> _Your goal_
Among the lines of data below, reproduce only those from the one with "Ornamento Engrenagem do" through the one with "44mm Gold Stainless Steel Samurai SRPE Watch Case 4", exactly as they stand, both ends included.

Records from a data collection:
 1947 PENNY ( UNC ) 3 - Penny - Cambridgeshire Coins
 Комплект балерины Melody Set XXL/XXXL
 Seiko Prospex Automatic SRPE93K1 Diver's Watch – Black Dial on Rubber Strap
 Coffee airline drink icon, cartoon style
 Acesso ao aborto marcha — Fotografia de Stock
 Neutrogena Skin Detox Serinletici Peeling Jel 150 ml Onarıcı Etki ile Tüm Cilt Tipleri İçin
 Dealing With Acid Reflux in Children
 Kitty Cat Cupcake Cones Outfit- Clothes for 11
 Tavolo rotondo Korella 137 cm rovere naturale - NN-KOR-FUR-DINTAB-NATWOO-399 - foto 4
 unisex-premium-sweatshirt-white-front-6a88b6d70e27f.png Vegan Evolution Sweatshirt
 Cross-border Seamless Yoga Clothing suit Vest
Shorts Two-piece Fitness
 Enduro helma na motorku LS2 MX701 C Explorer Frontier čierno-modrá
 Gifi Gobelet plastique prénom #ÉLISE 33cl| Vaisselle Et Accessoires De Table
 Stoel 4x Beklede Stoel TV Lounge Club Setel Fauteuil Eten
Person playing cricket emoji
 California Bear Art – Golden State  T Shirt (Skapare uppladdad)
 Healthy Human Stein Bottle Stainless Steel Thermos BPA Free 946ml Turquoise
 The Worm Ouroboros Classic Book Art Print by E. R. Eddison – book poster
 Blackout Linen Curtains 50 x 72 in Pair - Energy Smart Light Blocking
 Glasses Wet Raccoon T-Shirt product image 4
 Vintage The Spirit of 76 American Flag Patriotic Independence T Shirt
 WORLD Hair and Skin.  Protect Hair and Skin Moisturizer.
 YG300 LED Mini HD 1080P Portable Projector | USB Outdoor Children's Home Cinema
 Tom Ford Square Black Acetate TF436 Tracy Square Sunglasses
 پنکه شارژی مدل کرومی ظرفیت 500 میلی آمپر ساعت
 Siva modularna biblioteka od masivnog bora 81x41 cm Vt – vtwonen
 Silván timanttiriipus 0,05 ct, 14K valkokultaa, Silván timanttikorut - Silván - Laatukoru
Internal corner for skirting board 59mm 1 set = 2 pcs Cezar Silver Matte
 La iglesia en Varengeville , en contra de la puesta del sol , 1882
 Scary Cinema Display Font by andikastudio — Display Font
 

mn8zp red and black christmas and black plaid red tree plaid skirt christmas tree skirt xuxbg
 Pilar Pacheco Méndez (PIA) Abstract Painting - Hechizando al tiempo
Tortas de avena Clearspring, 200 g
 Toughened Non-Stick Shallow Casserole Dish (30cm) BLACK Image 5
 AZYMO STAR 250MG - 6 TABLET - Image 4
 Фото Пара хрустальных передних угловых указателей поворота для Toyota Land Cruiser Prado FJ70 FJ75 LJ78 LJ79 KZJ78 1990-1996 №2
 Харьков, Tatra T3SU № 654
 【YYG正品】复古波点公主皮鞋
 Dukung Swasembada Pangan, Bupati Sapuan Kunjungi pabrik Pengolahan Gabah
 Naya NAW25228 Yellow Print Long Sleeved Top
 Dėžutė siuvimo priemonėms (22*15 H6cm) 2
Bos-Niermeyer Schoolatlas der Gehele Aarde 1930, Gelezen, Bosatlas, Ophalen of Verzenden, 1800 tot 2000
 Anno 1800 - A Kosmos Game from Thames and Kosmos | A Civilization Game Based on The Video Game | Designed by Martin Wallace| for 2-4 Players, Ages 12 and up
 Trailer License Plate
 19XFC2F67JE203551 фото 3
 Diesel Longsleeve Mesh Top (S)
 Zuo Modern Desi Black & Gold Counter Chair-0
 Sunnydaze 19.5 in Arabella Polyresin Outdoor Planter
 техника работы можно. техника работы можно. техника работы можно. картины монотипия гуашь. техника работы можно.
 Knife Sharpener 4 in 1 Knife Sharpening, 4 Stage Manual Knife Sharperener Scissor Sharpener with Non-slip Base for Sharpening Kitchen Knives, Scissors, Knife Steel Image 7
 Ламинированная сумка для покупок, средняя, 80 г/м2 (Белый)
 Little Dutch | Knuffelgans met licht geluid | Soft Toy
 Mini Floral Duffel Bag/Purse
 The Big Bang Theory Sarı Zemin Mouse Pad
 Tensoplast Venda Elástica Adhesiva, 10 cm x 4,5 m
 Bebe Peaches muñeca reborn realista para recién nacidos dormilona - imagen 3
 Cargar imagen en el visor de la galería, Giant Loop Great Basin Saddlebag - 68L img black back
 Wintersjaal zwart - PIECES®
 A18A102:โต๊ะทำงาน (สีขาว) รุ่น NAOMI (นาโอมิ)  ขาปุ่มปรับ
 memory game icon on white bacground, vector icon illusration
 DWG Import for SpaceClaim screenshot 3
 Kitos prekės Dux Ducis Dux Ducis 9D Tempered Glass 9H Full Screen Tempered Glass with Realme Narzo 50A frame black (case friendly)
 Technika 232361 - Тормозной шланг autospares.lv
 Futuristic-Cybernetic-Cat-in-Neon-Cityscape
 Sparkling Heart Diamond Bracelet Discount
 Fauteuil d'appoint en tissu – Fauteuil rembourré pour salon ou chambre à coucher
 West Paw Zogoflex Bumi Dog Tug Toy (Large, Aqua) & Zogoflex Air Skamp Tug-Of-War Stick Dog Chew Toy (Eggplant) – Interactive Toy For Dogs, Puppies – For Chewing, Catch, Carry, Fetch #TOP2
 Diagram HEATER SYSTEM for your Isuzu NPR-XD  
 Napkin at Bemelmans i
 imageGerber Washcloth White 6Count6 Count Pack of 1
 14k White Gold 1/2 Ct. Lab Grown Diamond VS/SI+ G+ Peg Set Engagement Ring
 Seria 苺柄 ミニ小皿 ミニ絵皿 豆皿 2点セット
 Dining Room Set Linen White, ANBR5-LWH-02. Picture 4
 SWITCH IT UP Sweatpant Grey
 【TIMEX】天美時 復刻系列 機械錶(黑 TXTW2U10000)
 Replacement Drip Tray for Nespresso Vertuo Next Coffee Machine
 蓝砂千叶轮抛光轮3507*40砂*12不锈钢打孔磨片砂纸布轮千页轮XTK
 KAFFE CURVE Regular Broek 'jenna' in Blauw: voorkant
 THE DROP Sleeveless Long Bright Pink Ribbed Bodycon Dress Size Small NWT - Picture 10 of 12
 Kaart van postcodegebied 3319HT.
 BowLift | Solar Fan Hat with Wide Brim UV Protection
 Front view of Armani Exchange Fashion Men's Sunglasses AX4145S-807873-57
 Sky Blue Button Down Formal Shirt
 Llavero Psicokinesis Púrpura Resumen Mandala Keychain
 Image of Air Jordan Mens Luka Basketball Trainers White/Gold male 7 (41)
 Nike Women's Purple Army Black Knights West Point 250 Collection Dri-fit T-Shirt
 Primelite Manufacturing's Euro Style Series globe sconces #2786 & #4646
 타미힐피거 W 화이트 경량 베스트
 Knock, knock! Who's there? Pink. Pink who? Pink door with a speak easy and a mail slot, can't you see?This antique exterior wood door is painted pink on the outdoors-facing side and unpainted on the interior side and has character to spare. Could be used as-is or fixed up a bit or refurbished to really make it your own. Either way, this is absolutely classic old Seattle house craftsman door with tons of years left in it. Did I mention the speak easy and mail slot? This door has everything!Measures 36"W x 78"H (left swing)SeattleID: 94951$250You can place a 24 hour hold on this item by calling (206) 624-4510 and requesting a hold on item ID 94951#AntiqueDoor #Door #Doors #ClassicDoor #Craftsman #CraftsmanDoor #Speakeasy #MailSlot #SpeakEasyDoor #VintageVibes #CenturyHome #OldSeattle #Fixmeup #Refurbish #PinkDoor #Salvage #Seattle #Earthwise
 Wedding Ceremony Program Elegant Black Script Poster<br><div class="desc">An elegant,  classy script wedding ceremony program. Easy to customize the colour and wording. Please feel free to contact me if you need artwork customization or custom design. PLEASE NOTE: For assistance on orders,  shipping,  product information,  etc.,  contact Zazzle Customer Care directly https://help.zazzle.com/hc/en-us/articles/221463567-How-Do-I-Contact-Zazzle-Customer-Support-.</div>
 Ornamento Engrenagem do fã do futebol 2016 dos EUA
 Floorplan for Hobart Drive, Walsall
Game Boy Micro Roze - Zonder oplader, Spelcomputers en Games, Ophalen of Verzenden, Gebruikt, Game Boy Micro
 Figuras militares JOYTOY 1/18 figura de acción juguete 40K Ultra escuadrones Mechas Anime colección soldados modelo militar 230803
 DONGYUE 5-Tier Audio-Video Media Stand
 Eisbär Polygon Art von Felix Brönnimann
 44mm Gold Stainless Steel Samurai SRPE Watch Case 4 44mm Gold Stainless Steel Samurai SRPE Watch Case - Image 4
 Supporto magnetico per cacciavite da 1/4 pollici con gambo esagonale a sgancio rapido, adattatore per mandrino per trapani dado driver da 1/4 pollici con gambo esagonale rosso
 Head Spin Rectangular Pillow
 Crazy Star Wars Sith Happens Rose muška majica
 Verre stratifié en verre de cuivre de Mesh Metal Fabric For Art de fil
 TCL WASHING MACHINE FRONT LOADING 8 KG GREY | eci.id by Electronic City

> _Written response_
 Ornamento Engrenagem do fã do futebol 2016 dos EUA
 Floorplan for Hobart Drive, Walsall
Game Boy Micro Roze - Zonder oplader, Spelcomputers en Games, Ophalen of Verzenden, Gebruikt, Game Boy Micro
 Figuras militares JOYTOY 1/18 figura de acción juguete 40K Ultra escuadrones Mechas Anime colección soldados modelo militar 230803
 DONGYUE 5-Tier Audio-Video Media Stand
 Eisbär Polygon Art von Felix Brönnimann
 44mm Gold Stainless Steel Samurai SRPE Watch Case 4 44mm Gold Stainless Steel Samurai SRPE Watch Case - Image 4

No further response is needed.